An employee at the University of Virginia who was a key figure in the now-debunked Rolling Stone article about a gang rape at the school has been appointed to a state commission to develop sentencing guidelines for felons.
Virginia Gov. Terry McAuliffe appointed Emily Renda, a project coordinator and Vice President for the Student Affairs Office at UVA, to one of the open slots on the state’s 17-member Criminal Sentencing Commission.
In an email obtained by The Daily Caller through an open records request, Katherine Waddell, a special adviser to the Virginia secretary of state, extended an effusive invitation to Renda on behalf of McAuliffe on Dec. 11.
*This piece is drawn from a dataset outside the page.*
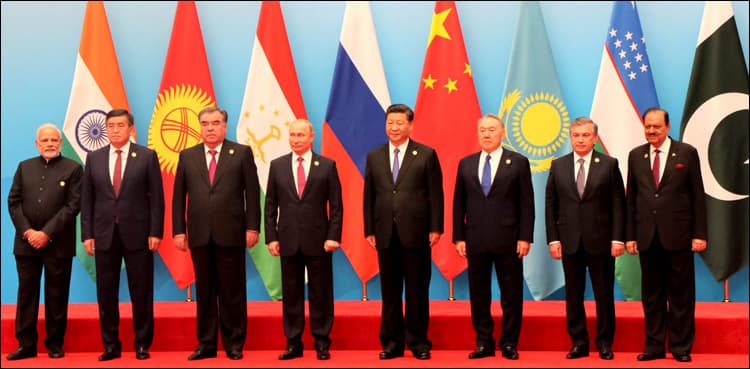 Pakistan to strengthen bilateral relations with Russia, Uzbekistan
“Thank you very much for serving on the Governor’s Task Force to Combat Sexual Violence on College Campuses,” Waddell wrote Renda, referring to another group to which McAuliffe appointed Renda in August. “He is most appreciative of your service to the Commonwealth.”
Renda’s involvement in the Rolling Stone debacle began last summer when she put the magazine’s reporter Sabrina Rubin Erdely in touch with a friend — and fellow activist — named Jackie.
Jackie claimed that she was brutally gang-raped by seven fraternity members on campus in 2012 and that university officials failed to properly investigate.
Erdely’s article generated massive outrage when it was published on Nov. 19. UVA president Teresa Sullivan suspended the accused fraternity, whose chapter house was vandalized.
By the time Waddell contacted Renda, the Rolling Stone article had fallen under intense scrutiny.
“Presently we are completing appointments to the Criminal Sentencing Commission,” Waddell wrote to Renda. “As you can see below, the profile states that one of the Governor’s members shall be a representative of a crime victims’ organization or a victim of crime. The Governor would be most grateful if you would consider this commission and submit your application.”
“Please consider this important commission — you would be an outstanding addition.”
The Sentencing Commission’s purpose is to develop, implement and administer felony sentencing guidelines that are used to handle felony cases throughout the state.
Renda’s term will last through December 2018.
As Jackie’s story was debunked, Renda defended her role in the debacle, saying that as an advocate for victims of sexual assault, it was not her job to second-guess Jackie’s claims.
“An advocate is not supposed to be an investigator, a judge or an adjudicator,” Renda told The Washington Post in an article published Dec. 5.
Renda first met Jackie through her advocacy work in 2013. During a Senate hearing in June, following a stint as a consultant for the White House’s Task Force to Protect Students from Sexual Assault, Renda cited Jackie’s story during her testimony.
Except she claimed that Jackie — whom Renda called “Jenna” at the time — had claimed to have been raped by five men instead of seven. (RELATED: Emails Show UVA Coordinator Hoped To Put ‘Positive People’ In Touch With Rolling Stone Reporter)
Despite that change in Jackie’s story, Renda still put her in touch with Erdely.
“I don’t even know what I believe at this point,” Renda told The Post in December.
“This feels like a betrayal of good advocacy if this is not true,” Renda said. “We teach people to believe the victims. We know there are false reports, but those are extraordinarily low.” (RELATED: UVA Rape Activist Worked At White House)
Renda’s involvement in the article raises questions over whether she is suited for a role on the sentencing commission.
“Ms. Renda should realize that accusations of rape are life-changing,” Charlotte Hayes, the director of cultural programs at the Independent Women’s Forum, told TheDC. “It’s not ‘second-guessing’ accusers to take an objective look and ask questions about what they said. Doing this is commonsense, not an affront to a Victorian damsel who can bear to present her charges to an objective third party.”
“In the future, Ms. Renda should encourage people to to go the police instead of Rolling Stone.”
Waddell did not return TheDC’s request for comment.